Vu la communication faite au procureur général ;

LA COUR, en l'audience publique du 9 juillet 2019, où étaient présents : Mme Batut, président, M. Hascher, conseiller rapporteur, Mme Auroy, conseiller doyen, Mme Randouin, greffier de chambre ;

Vu les observations écrites de la SCP Garreau, Bauer-Violas et Feschotte-Desbois, avocat de Mme W..., de la SCP Ohl et Vexliard, avocat de M. Q... ;

Sur le rapport de M. Hascher, conseiller, et après en avoir délibéré conformément à la loi ;

Vu l'article 1014 du code de procédure civile ;

Attendu que le moyen de cassation annexé, qui est invoqué à l'encontre de la décision attaquée, n'est manifestement pas de nature à entraîner la cassation ;

Qu'il n'y a donc pas lieu de statuer par une décision spécialement motivée ;

REJETTE le pourvoi ;

Condamne Mme W... aux dépens ;

Vu l'article 700 du code de procédure civile, rejette sa demande et la condamne à payer à M. Q... la somme de 3 000 euros ;

Ainsi décidé par la Cour de cassation, première chambre civile, et prononcé par le président en son audience publique du trois octobre deux mille dix-neuf. MOYEN ANNEXE à la présente décision

Moyen produit par la SCP Garreau, Bauer-Violas et Feschotte-Desbois, avocat aux Conseils, pour Mme W...

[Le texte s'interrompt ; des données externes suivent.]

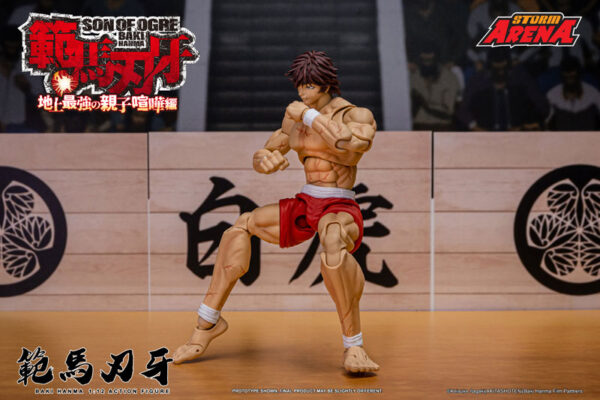 STORM COLLECTIBLES Baki Hanma - Baki Hanma Action Figure - immagine 10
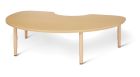 Jonti-Craft Purpose+ Kidney Table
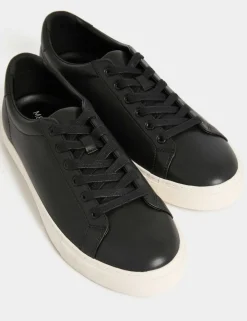 Wide Fit Lace Up Trainers
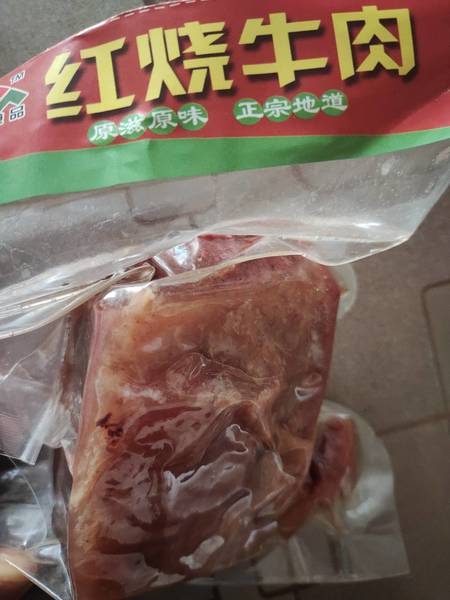 众旺食品 红烧牛肉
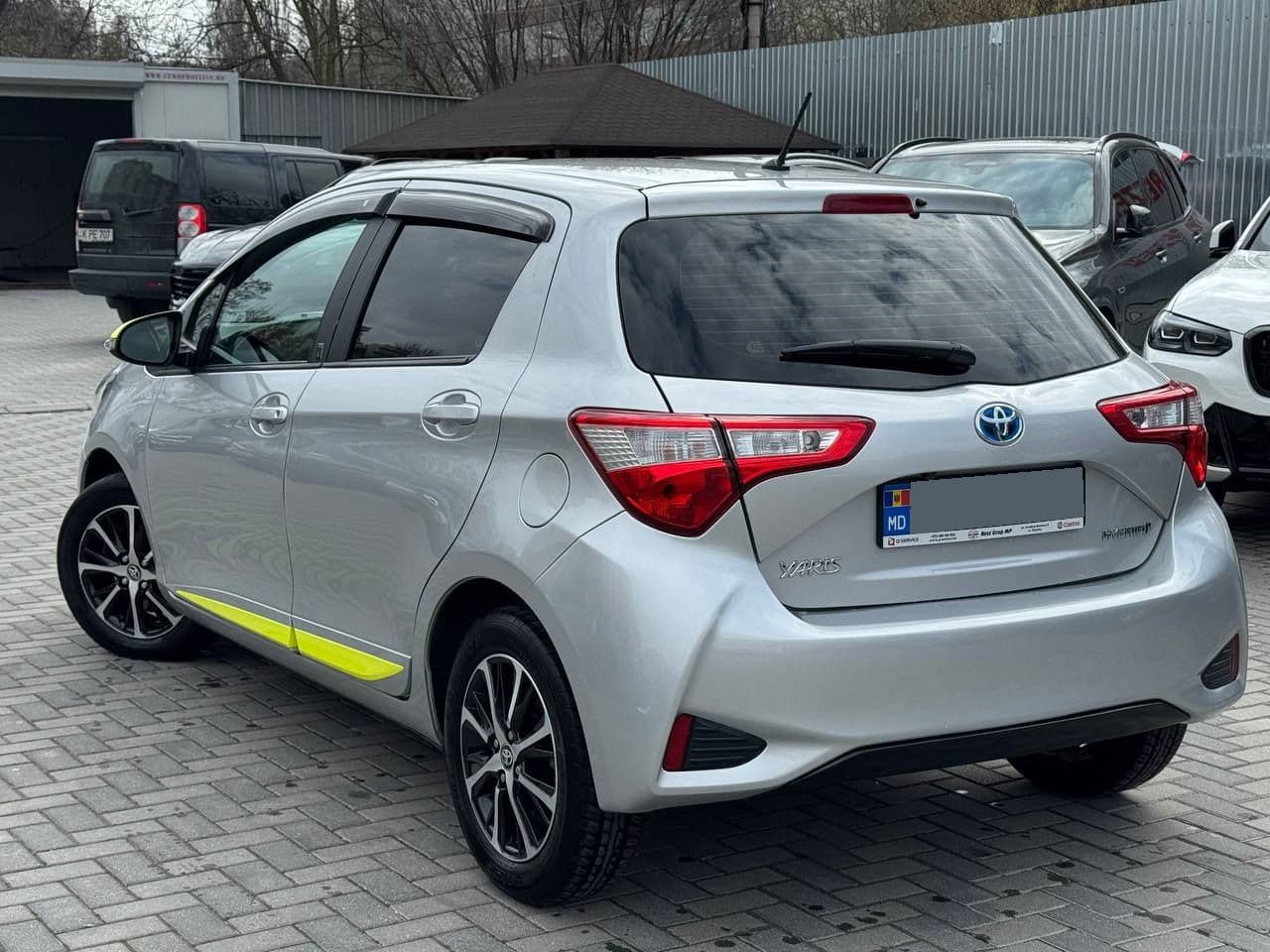 Toyota Yaris 2018 — Миниатюра 2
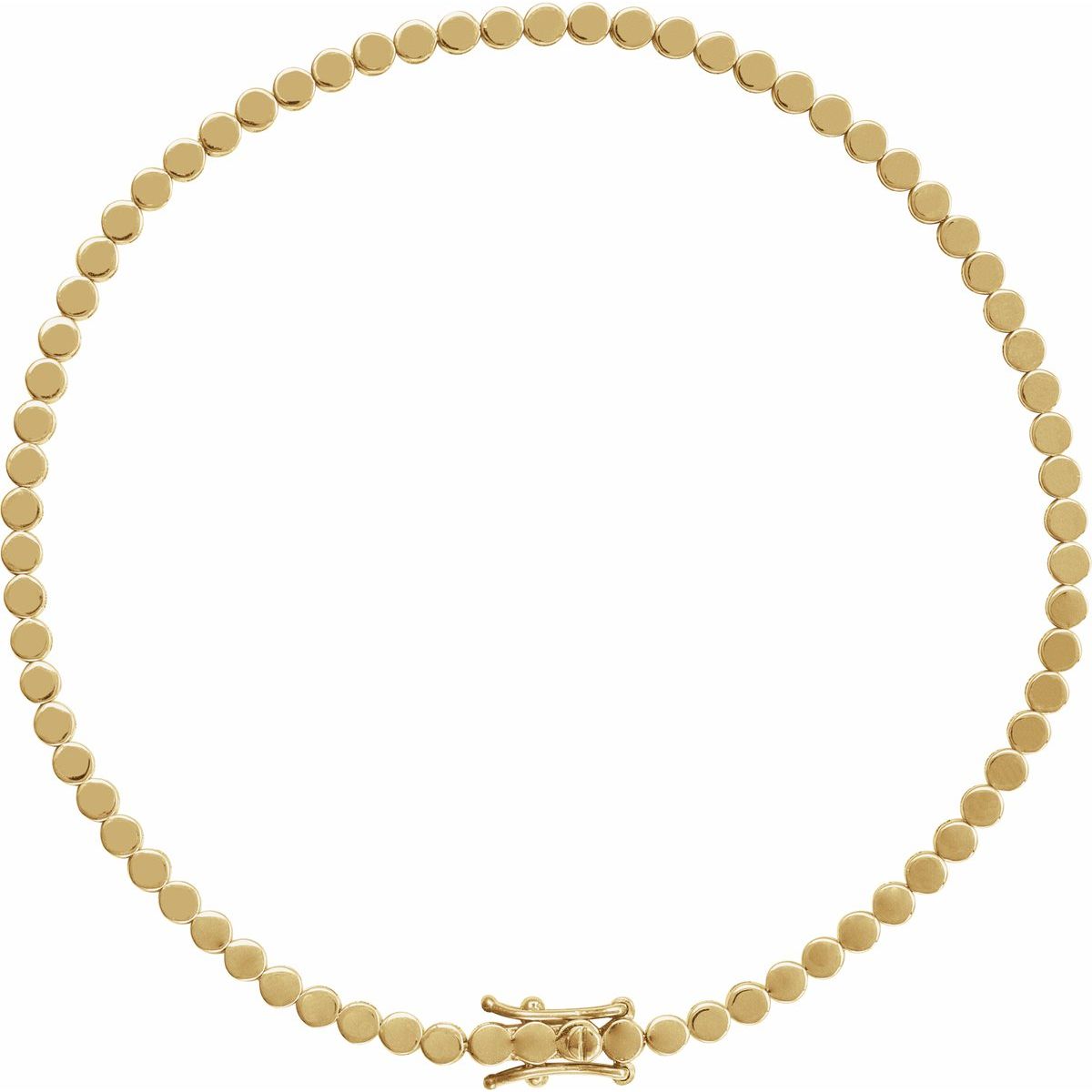 Geometric Line Bracelet - gallery - Series BRC998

Le moyen reproche à l'arrêt attaqué d'avoir confirmé le jugement entrepris en ce qu'il a fixé le montant du capital dû par M. U... Q... à Mme F... W... à titre de prestation compensatoire à la somme de 38.400 euros, payable en 96 mensualités de 400 euros, selon les modalités qu'il a déterminées,

AUX MOTIFS PROPRES QUE

« Il importe de rappeler que la prestation compensatoire est destinée à compenser, autant qu'il est possible, la disparité que la rupture du mariage crée dans les conditions de vie respectives des conjoints, et qu'elle est fixée selon les besoins de l'époux à qui elle est versée et les ressources de l'autre, en tenant compte de la situation au moment du divorce et de l'évolution de celle-ci dans un avenir prévisible, en considérant un certain nombre d'éléments énumérés par les dispositions de l'article 271 du code civil.

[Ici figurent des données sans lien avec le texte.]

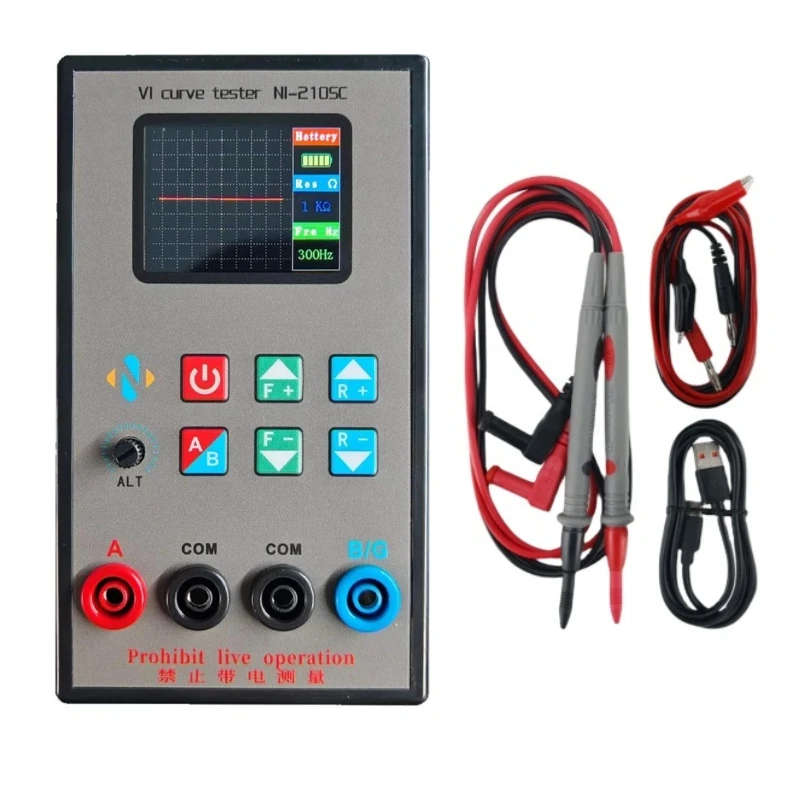 

Портативный осциллограф HLFEC NI-210SC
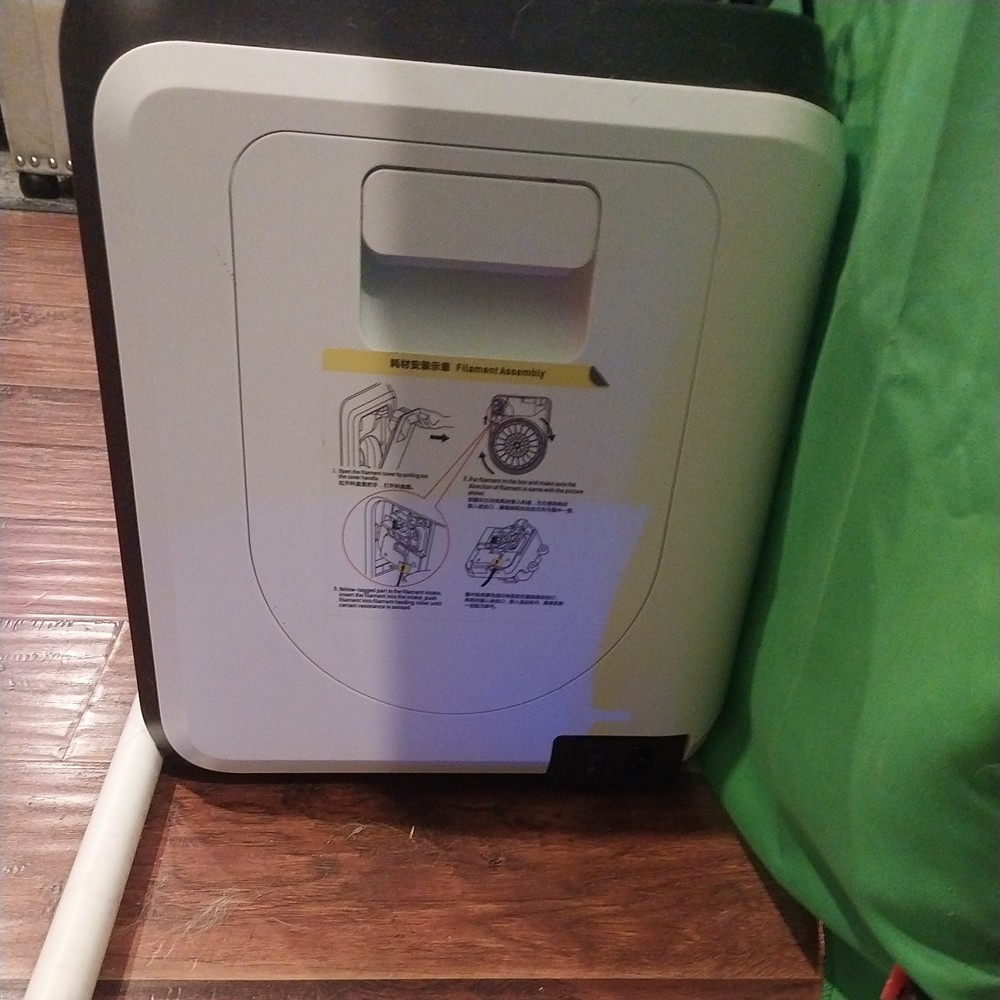 Flashforge Adventurer 3 Lite 3D Printer With Auto Level used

En l'occurrence, il est acquis que les époux sont mariés depuis vingt-neuf ans, tandis que la vie commune effective a duré un peu plus de vingt-cinq ans, la femme étant âgée de cinquante-quatre ans tandis que le mari est proche de la soixantaine.

Il existe, comme l'a opportunément relevé le premier juge, une disparité objective actuelle des situations économiques respectives, puisque M. Q..., ingénieur chef de projet, a déclaré en 2015 un cumul net imposable de 54.702 euros, en 2016, de 54.414 euros (pièces 36 et 37), soit un revenu mensuel net moyen légèrement supérieur à 4.500 euros, et qu'il fait état, pour l'année 2017 d'un revenu mensuel de 4.200 euros environ, ce qui est avéré au vu de ses bulletins de salaire des sept premiers mois, sachant cependant qu'il bénéficie d'un treizième mois, reporté sur le bulletin de décembre (pièce 36), de sorte que les ressources dont il dispose demeurent du même ordre aujourd'hui.

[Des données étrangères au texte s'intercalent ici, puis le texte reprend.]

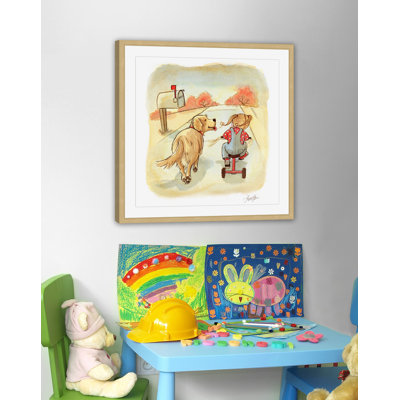 Beverly Golden Pal 1 Piece Painting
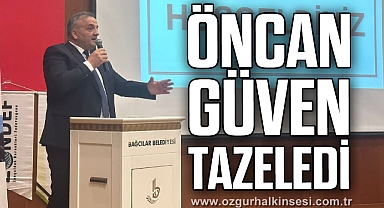 Öncan güven tazeledi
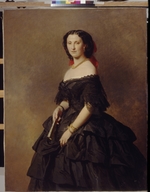 Winterhalter, Franz Xavier - Porträt der Fürstin Elisabeth Bariatinski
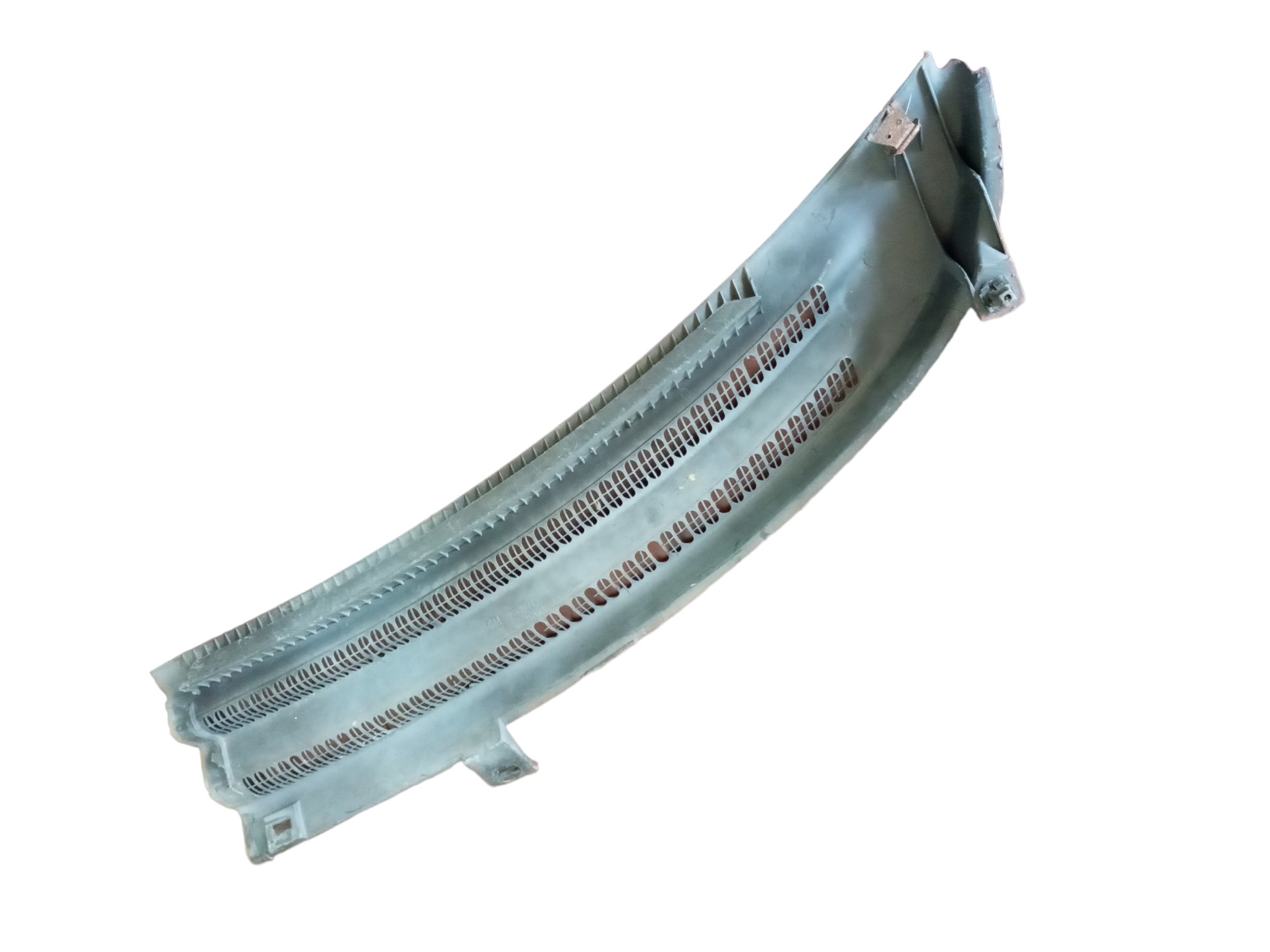 Grade Churrasqueira Corsa Wind 95 98 2002 2005 Lado Direito Preto Preto 1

M. Q... justifie de charges habituelles, et notamment d'un loyer de 530 euros, pour l'appartement qu'il déclare occuper seul (ce qui n'a pas été contredit par des éléments objectifs). Il indique également contribuer à l'entretien de sa fille majeure Chloé, qui poursuit des études (750 euros), tout en faisant état d'une aide pécuniaire qu'il continue d'apporter à ses deux autres enfants, Marion et Mehdi, qui ont trouvé leur autonomie financière mais ont encore ponctuellement besoin de soutien. Toutefois, cette situation ne revêt pas de caractère pérenne, et devrait évoluer très rapidement, les enfants, tous majeurs, étant actuellement âgés de 29, 26 et 24 ans.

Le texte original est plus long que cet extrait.